Buffalo River State Park – Where the Prairie Meets the Water

Buffalo River-14


Glyndon, Minnesota

A short, 20-minute drive from our home in Fargo, North Dakota is a 1,355 acre (5.5 sq. km) park that attracts almost 100,000 visitors a year. After the retreat of a glacial lake, the highly fertile lake bottom soil remained and much of the landscape became prairie grassland. The Buffalo River and its treelined plain winds its way through the prairie grass. The park, with it’s short and easy hiking trails and a public swimming pond, is a popular attraction.Buffalo River-2


A one-mile (1.6 km) interpretive trail and 12 miles (19.3 km) of easy hiking trails provide views of prairie grassland, forests and the winding river. In the winter, cross-country skiers and snowshoers are welcome in the park that’s open year round. Camping is available and most sites have electric hookups. Campers best call ahead and reserve a space as the sites are often filled.

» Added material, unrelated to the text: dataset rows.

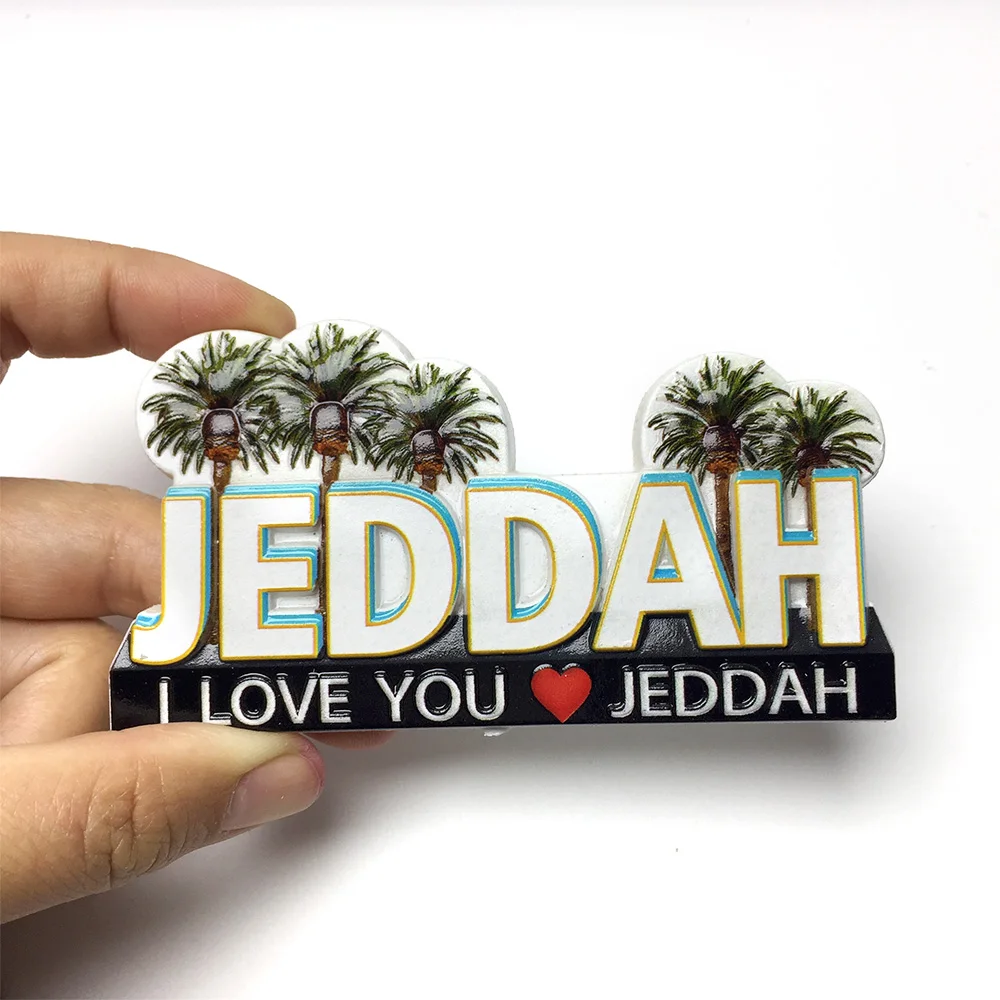 ‌ Jeddah Love 3D الراتنج مغناطيس الثلاجة - تصميم شجرة النخيل تذكارية لتزيين المنزل ‌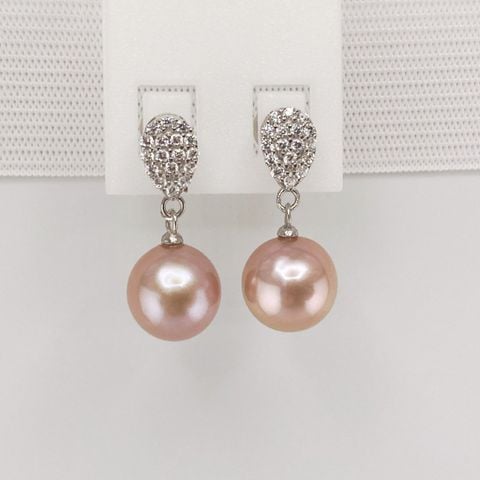 Bông Tai Bạc s925 Mạ Vàng Trắng Italia Đính Ngọc Trai 10-11mm Hạt Tròn Đẹp Grade AAA MADAME HIEN PEARLS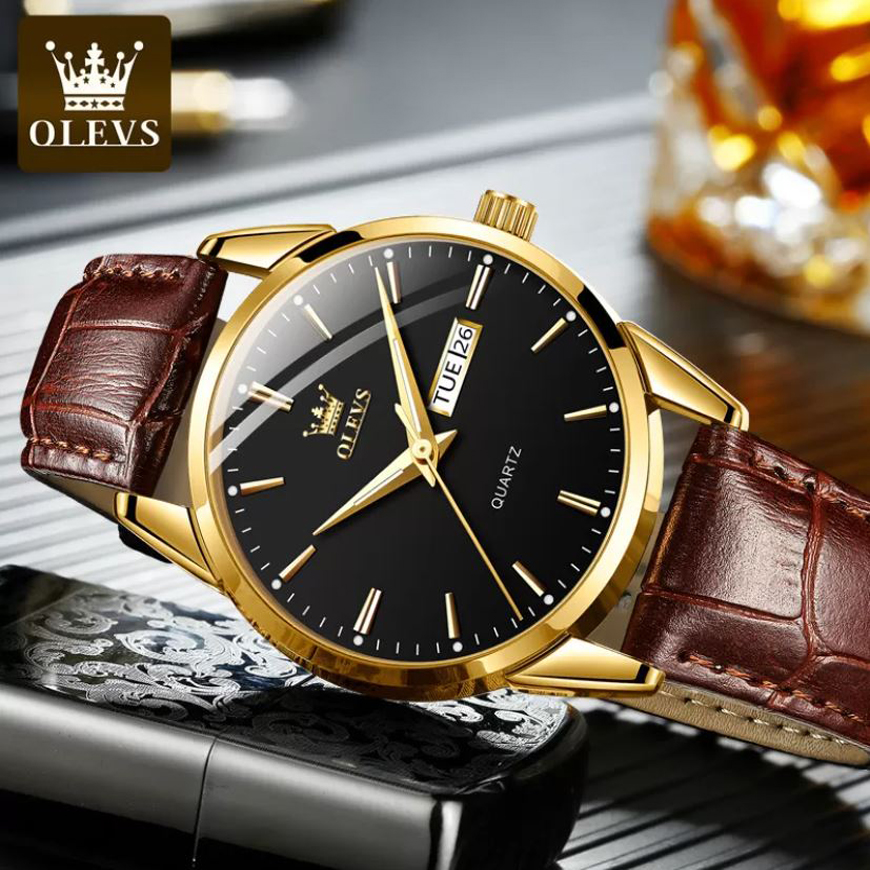 [CHẤT] Đồng hồ thời trang , Những mẫu đồng hồ nam đẹp - Đồng Hồ Nam OLEVS 2022 40mm Máy nhật siêu bền Dây Da- Mặt Cong Đá Sapphire  giá rẻ, uy tín, chất lượng Bảo Hành 12 Tháng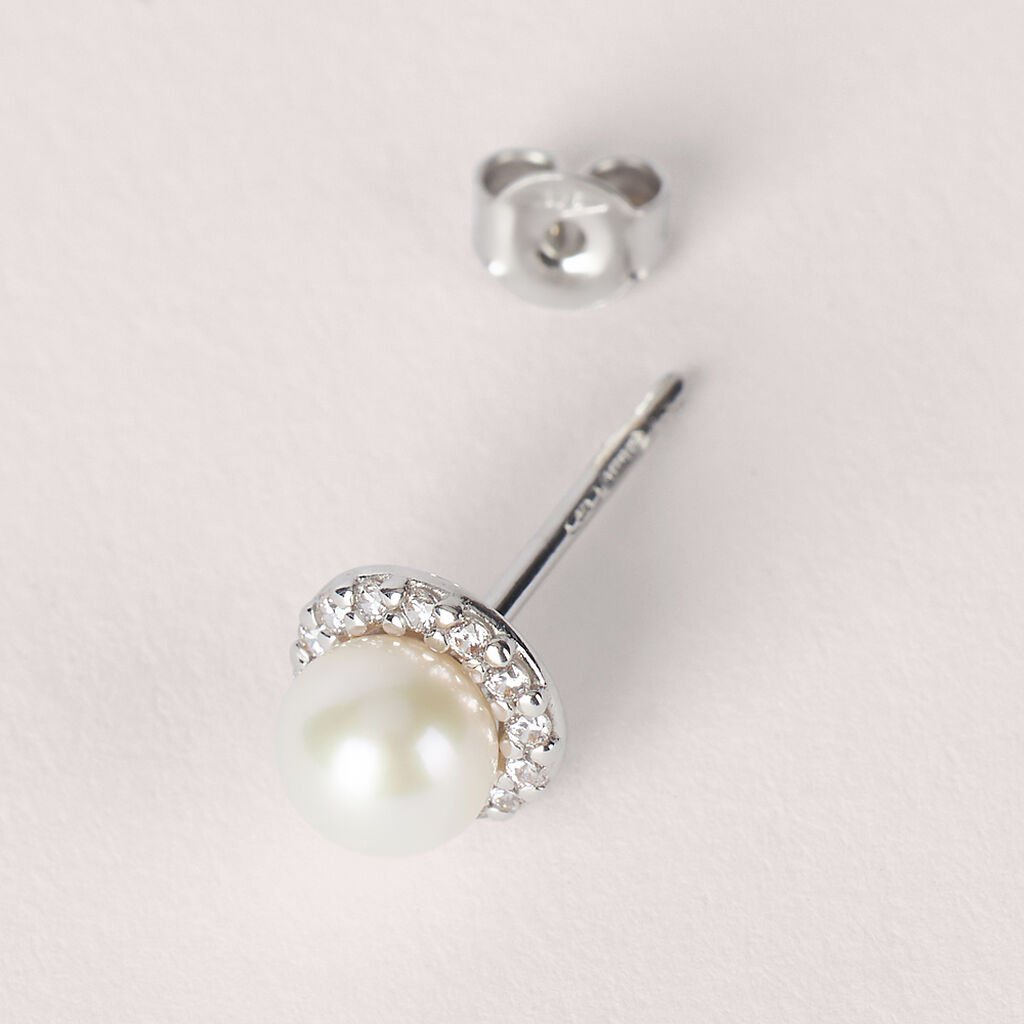 Orecchini Lobo Gabrielle Oro Bianco Perla D'Acqua Dolce Cubic Zirconia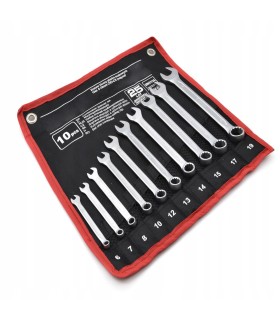 Zestaw kluczy płasko-oczkowych 10el. 6-19mm CRV-CS (satyna)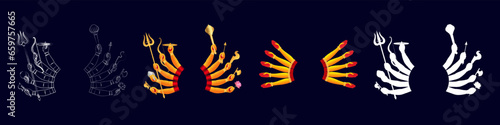 Goddess Durga ten hands in Happy Durga Puja Subh Navratri banner background
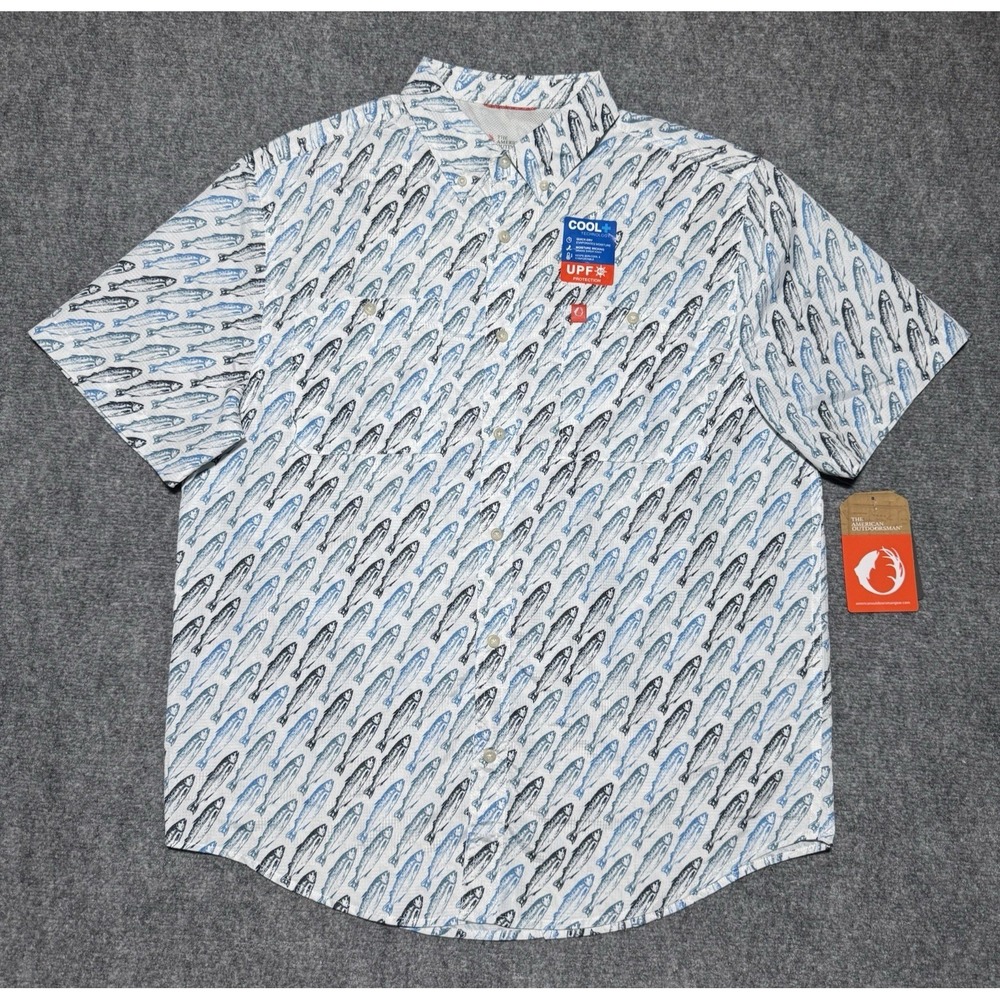 The American Outdoorsman Fishing Shirt Men L White Blue‎ UPF 40 Fish Print NWT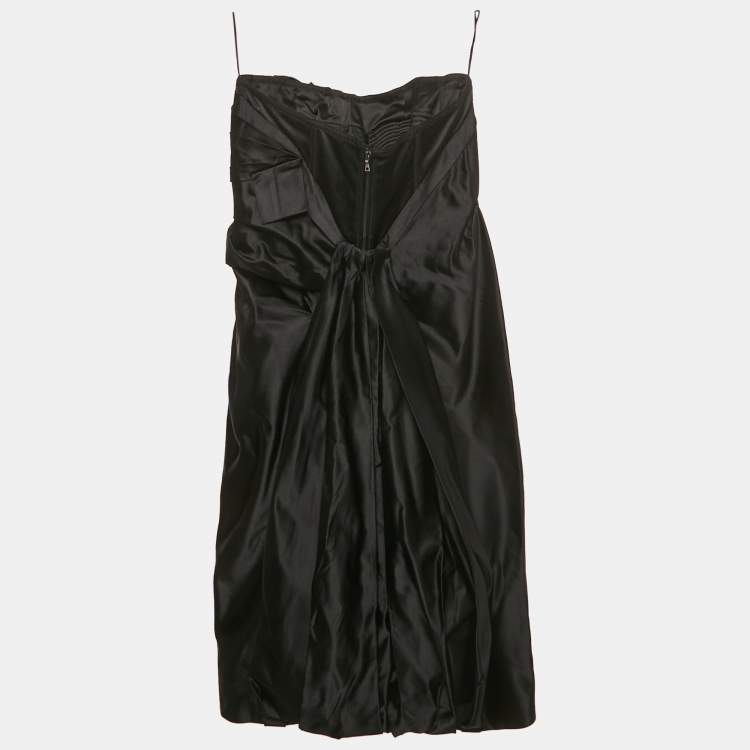 Pre Owned Prada Black Satin Silk Draped Strapless Mini Dress S
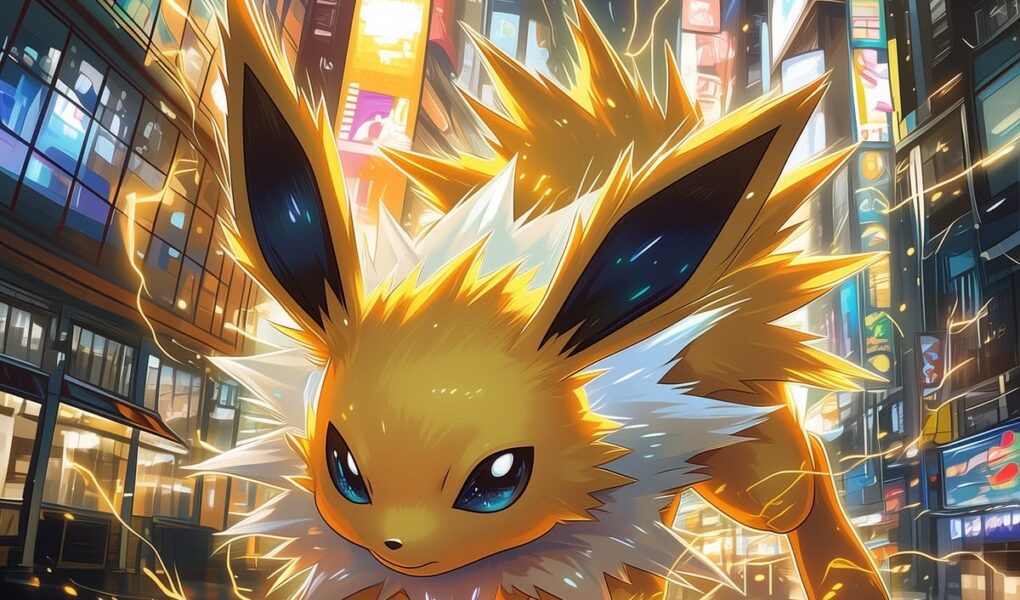 Jolteon correndo e emitindo raios dourados em uma cidade futurista noturna, cercada por arranha-céus, letreiros neon e reflexos sobre a rua molhada.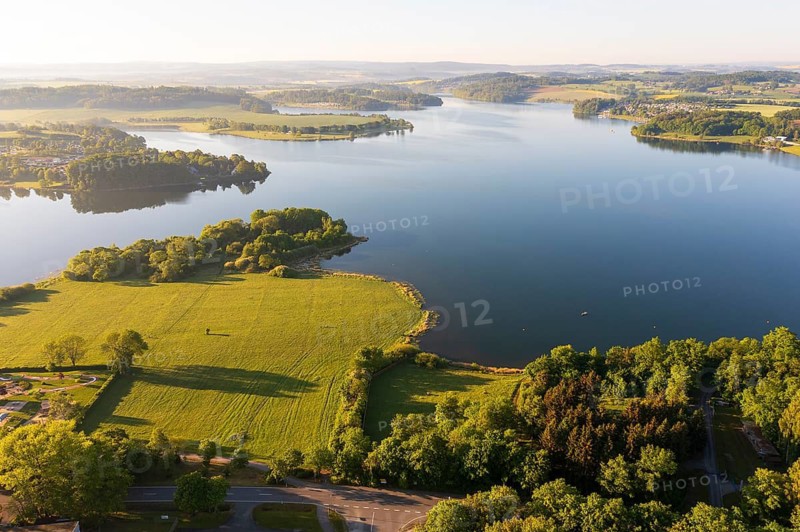 Aerial view of Pöhl dam in morning light, Vogtland, Saxony, Germany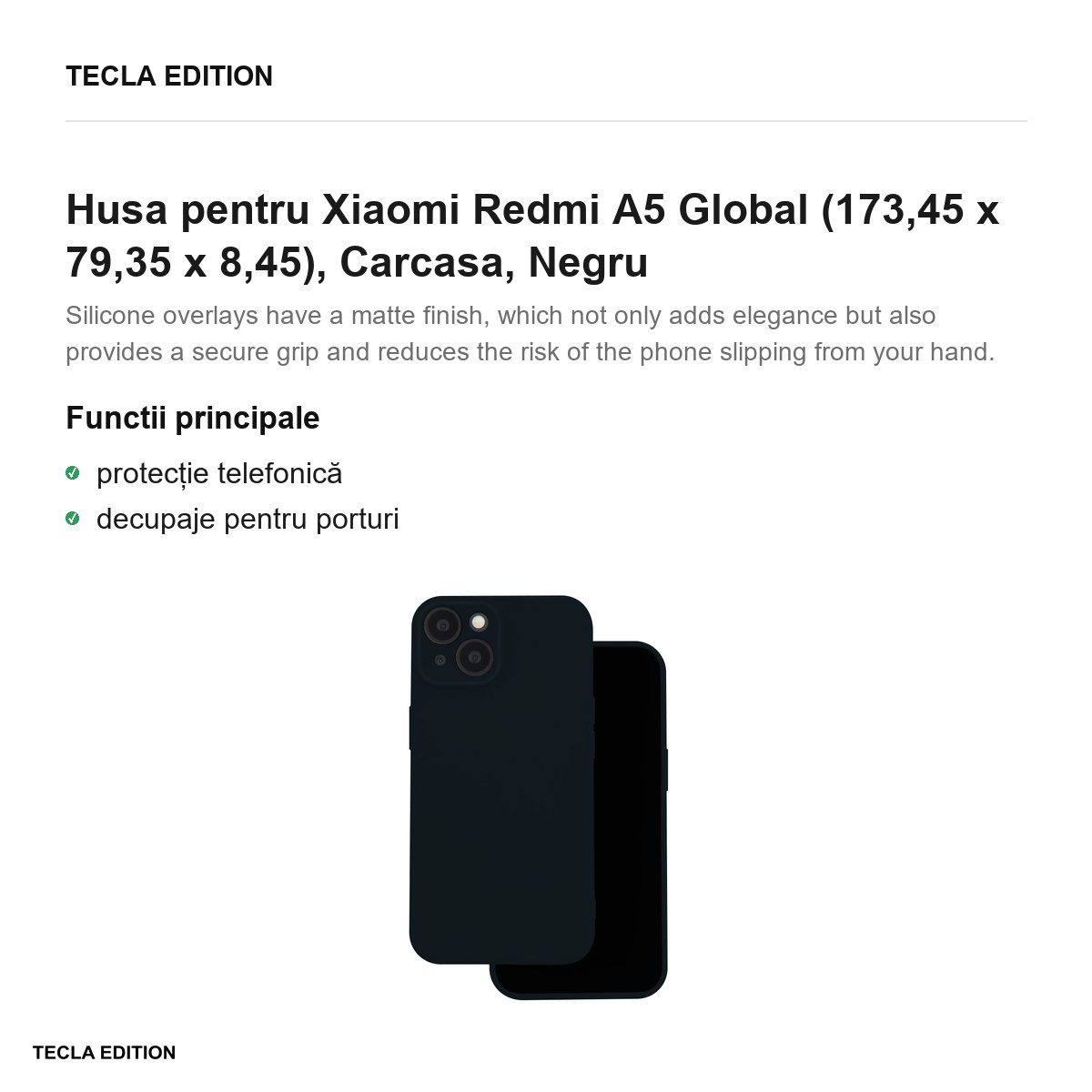 Husa Silicon pentru Xiaomi Redmi A5 Global, Carcasa, Negru [2]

Buffalo River-4Just north of the park, the Buffalo River Regional Science Center facility is a nearby attraction. This view of the Science Center that is just over the hill was taken from the Wide Sky Trail that eventually leads to the center. From there, the trail joins the River View Trail that meanders alongside the river.
Buffalo River-6

The River View Trail is cut through the trees along the river’s edge. Views of the river are captured from short paths that lead from the trail to the riverbank. We didn’t run into any hikers on our 2-mile (3.2 km) hike, but that’s not to say the park wasn’t busy. Most of the people in the park were taking advantage of the swimming pond or using the picnic area. We stopped at the main entrance to pay the $5 U.S. day permit. Our only other fee option is a $25 U.S. annual pass. Once we paid the fee, we discovered that we couldn’t just enter the park. The single parking area was full so we (and the five vehicles ahead of us) had to wait by the entrance until others left the park. After only about 15 minutes, it was our turn to enter the park. We found the one open parking space in the lot and prepared to explore.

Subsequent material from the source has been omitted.